Besides the antics of Dennis the Menace, there was another story series that I liked: Billy the Cat. Actually, it was Billy the Cat and Katie, the girl being the other half of this cat-suit wearing/crime-fighting duo.

However, their suits were nothing feral like Cat Woman's or Batman's. They looked racer-like with the helmets and visors covering their heads and eyes. They remind me of blind Geodie in Star Trek: Next Generation, altogether pretty advanced. I don't think it was ever explained how the visor worked; it just was. As a kid, I found that visor to be quite cool.

Cool too was that claw-like thing that hung by their side. The kids would use it to haul themselves up high walls and to catch the bad guys with. That claw was also handy in rescuing themselves from binds and such. As a kid, I would make myself a paper claw and throw it at the railings to pretend scaling them. At one time, someone gave me a keychain that came with a small alligator paw. I would pretend that it was the Billy Claw and play with it as such during my idle moments. It's funny how memories are sometimes triggered!

Besides the claw, the kids in Billy the Cat and Katie also fought crime with a mission backpack that held all kinds of tools and tricks. That made us kids feel like we were mini-James Bond spies or spy kids (like that same-named US movie).

One particular gadget Billy and Katie later deployed (and that I enjoyed tremendously) to fight crime with was this bunch of remotely controlled robots that moved and behaved like real people. They were not huge - just a foot high, which made them the more endearing. At a time of clunky robots, these smooth walking/talking humanoids were quite something. I remember thinking: "Whoa, how advanced! When will we ever see something like that!?" Besides behaving like humans, these robots were also able to act together in a sort of group dynamic - perhaps empowered by swarm intelligence? I recall the tiny robots looking very much like mini-versions of Billy and Katie in costume, which meant they looked like miniature Iron Man(s) running around!

That was my first introduction to remote control, robots and advanced robotics all at one go. Later, those tiny robots would remind me of the ones Arthur C Clark imagined in his Rama book series, robots that were brought into space to help explore an alien object. A better visual of the robots would be the agile ones in Will Smith's I, Robot, albeit on a much smaller scale! You know, if such tiny intelligent dynamos do exist and go rogue it would be very, very scary indeed!

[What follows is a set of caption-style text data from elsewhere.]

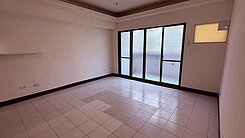 亞灣獅甲捷運光華國宅四房三陽台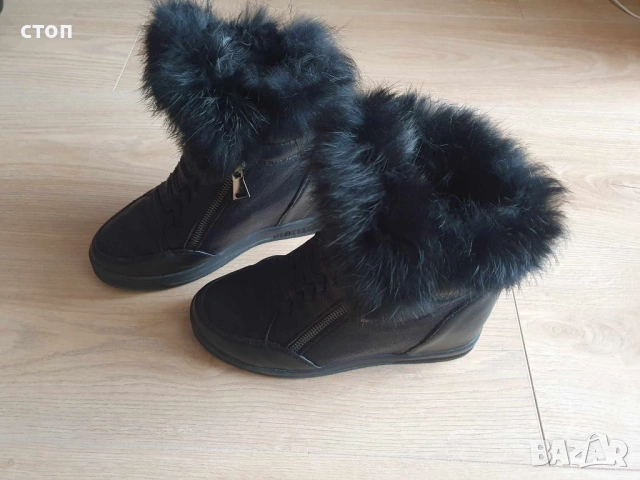 Боти с пух , снимка 3 - Дамски боти - 53029437
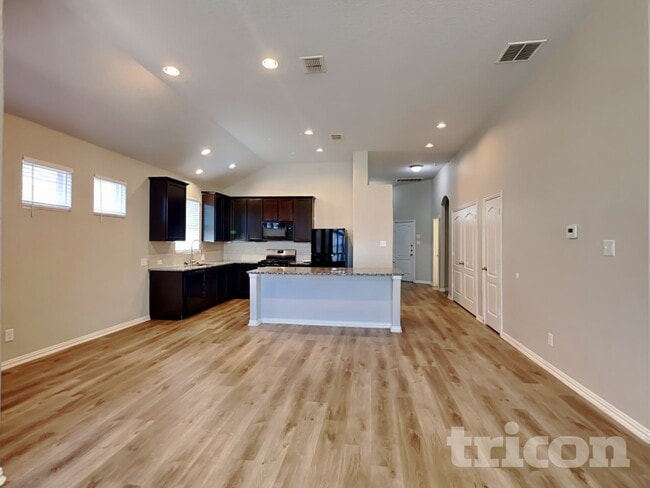 Photo - 7950 Headwaters Trail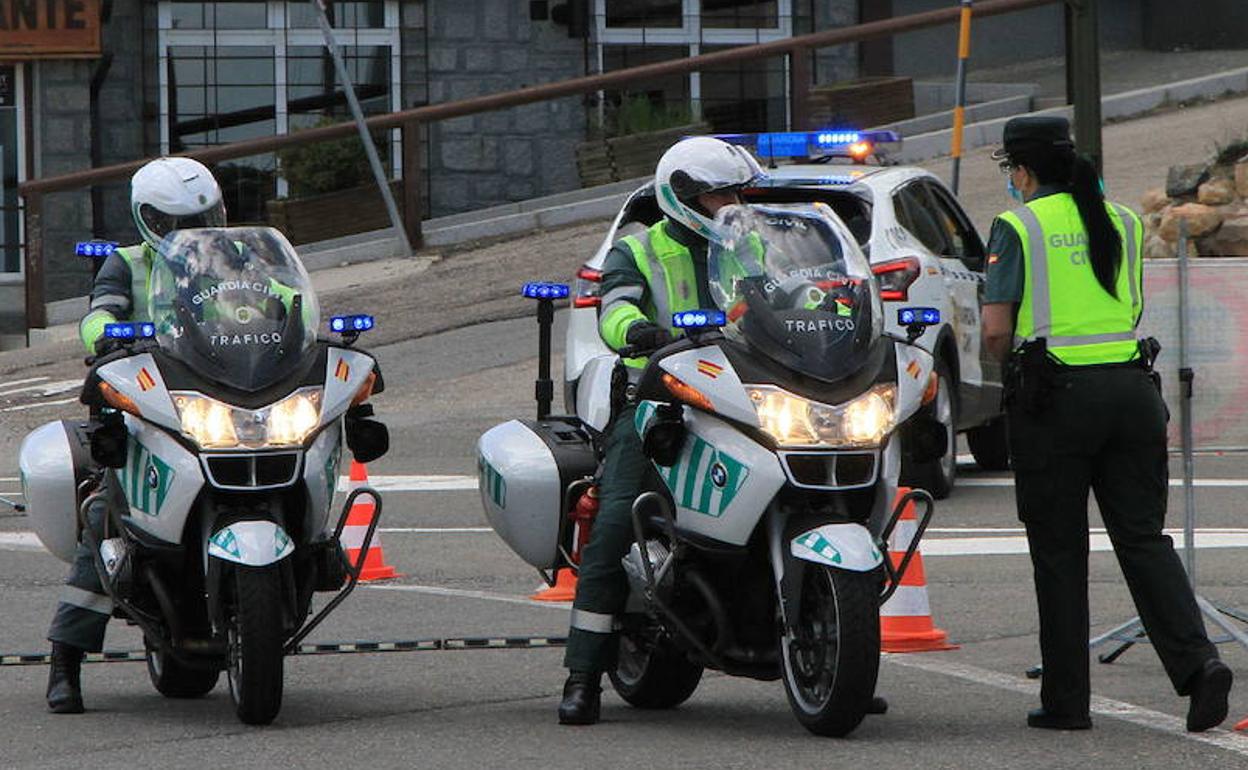 Uno de los controles efectuados por la Guardia Civil en la provincia segoviana durante la pandemia. 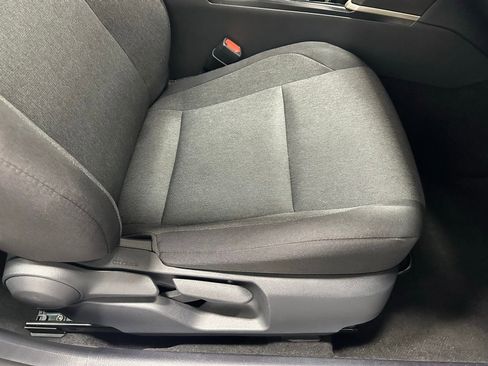 Used 2025 Toyota Camry LE image 60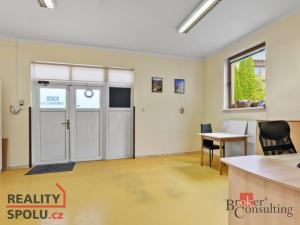 Prodej obchodního prostoru, Jablonec nad Nisou - Mšeno nad Nisou, Želivského, 300 m2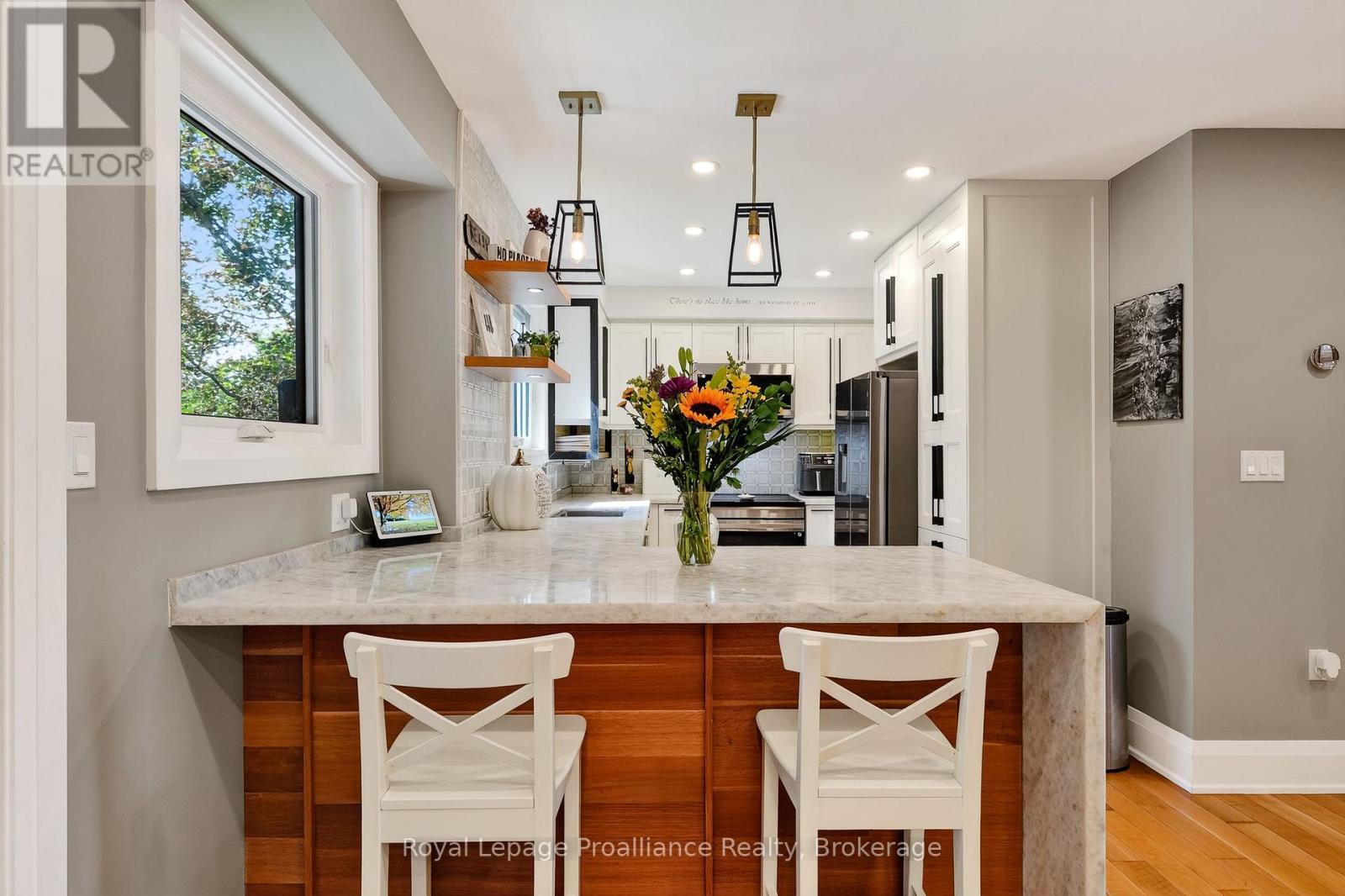 5 CARLETON BOULEVARD - 16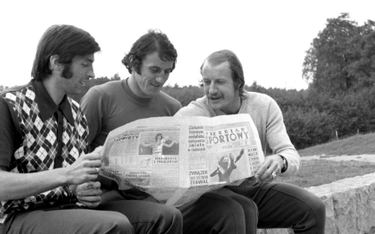 Rok 1973, piłkarze z reprezentacji Kazimierza Górskiego. Od lewej: Kazimierz Deyna, Adam Musiał i Ro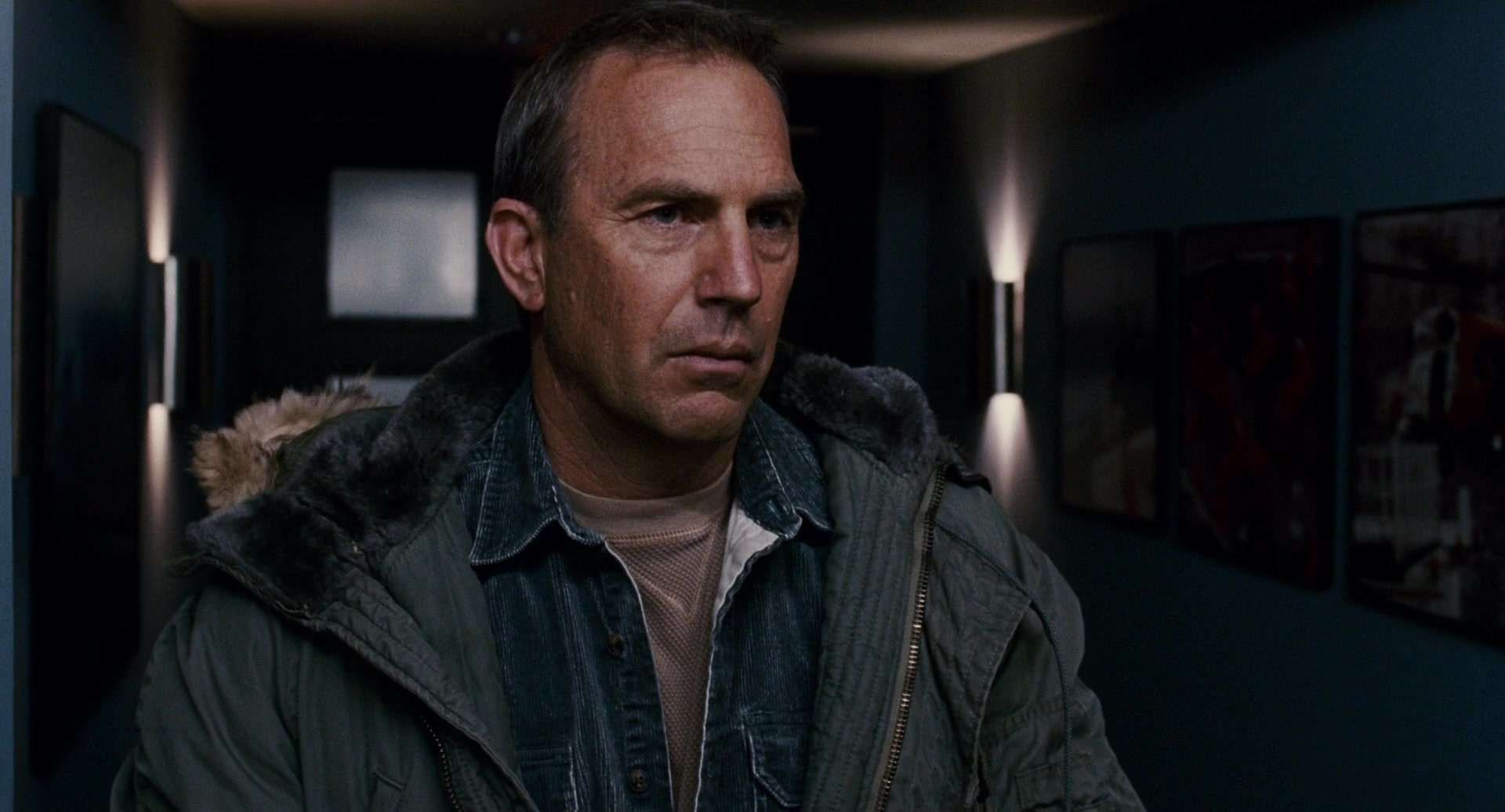 Фільм дня. "Рятівник" – американська драма про рятувальника-аса, який тренує новобранців Фільм дня. "Рятівник" – американська драма про рятувальника-аса, який тренує новобранців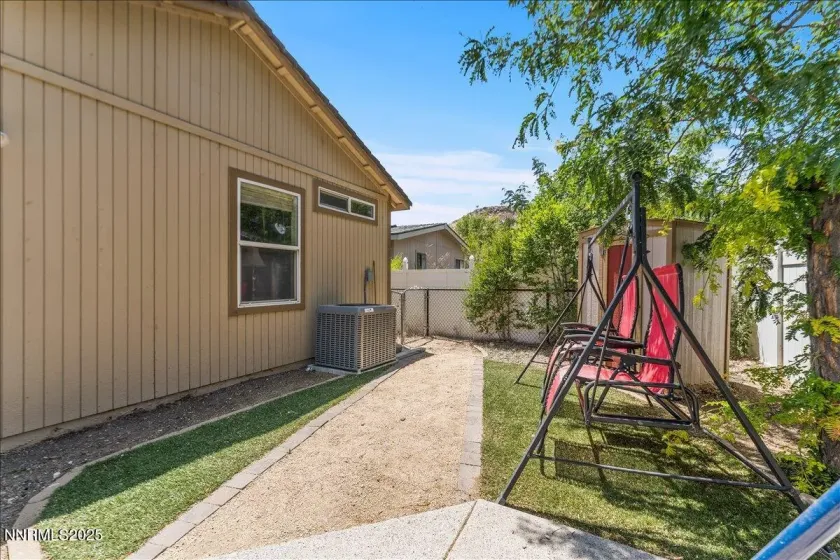 38 Ave De La Argent, Sparks, Nevada 89434, 3 Bedrooms Bedrooms, ,2 BathroomsBathrooms,Residential,Residential,Ave De La Argent,250057019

In the past year, I had worked hard to bring in programmable robots to help kids better learn robotics at a public center. These were also foot-high and could be programmed to dance, perform tai-chi and even do a slow cartwheel. These robots had a somewhat humanoid but skeletal look, made of aluminum and  interconnected by servo motors at the joints. At the time, a local polytechnic had also created a software version of them - one that you could program and place in a virtual environment. The best thing was, with the friendly computer interface, you could actually also control the real-world robot with whatever the virtual robot had learnt. It was all pretty useful and convenient at the time. But the real gem was allowing it to navigate in 3-D virtual space. One could indeed play the role of virtual 3-D architect.

There have been many advances made to such small humanoid robots. Many of the cheaper ones now come from South Korea. I, for one, hope to see a small agile robot with a smart vision system or one with true AI. It's not so different a wish I had back in the 70s when I was reading Billy the Cat. Sigh, sometimes advanced technological ideas do take a long time to become reality, just like 3G networks and their companion smart mobile phones! (That took 10 years! My goodness! Who knew then!)

But at least one good thing did come from reading Billy The Cat: it inspired me to go on to learn electronics, in particular, RF. I am actually and naturally a more mechanical guy but I thought learning electronics (and RF) would aid my natural abilities. How true!. Perhaps one day I will return to fiddling with transistors, diodes, servo motors and programming software to build a humanoid robot. After all, I was nominated once for a national technology award for building something very useful. Stuff like this is not beyond me. Sci-fi dreams can come true, don't they?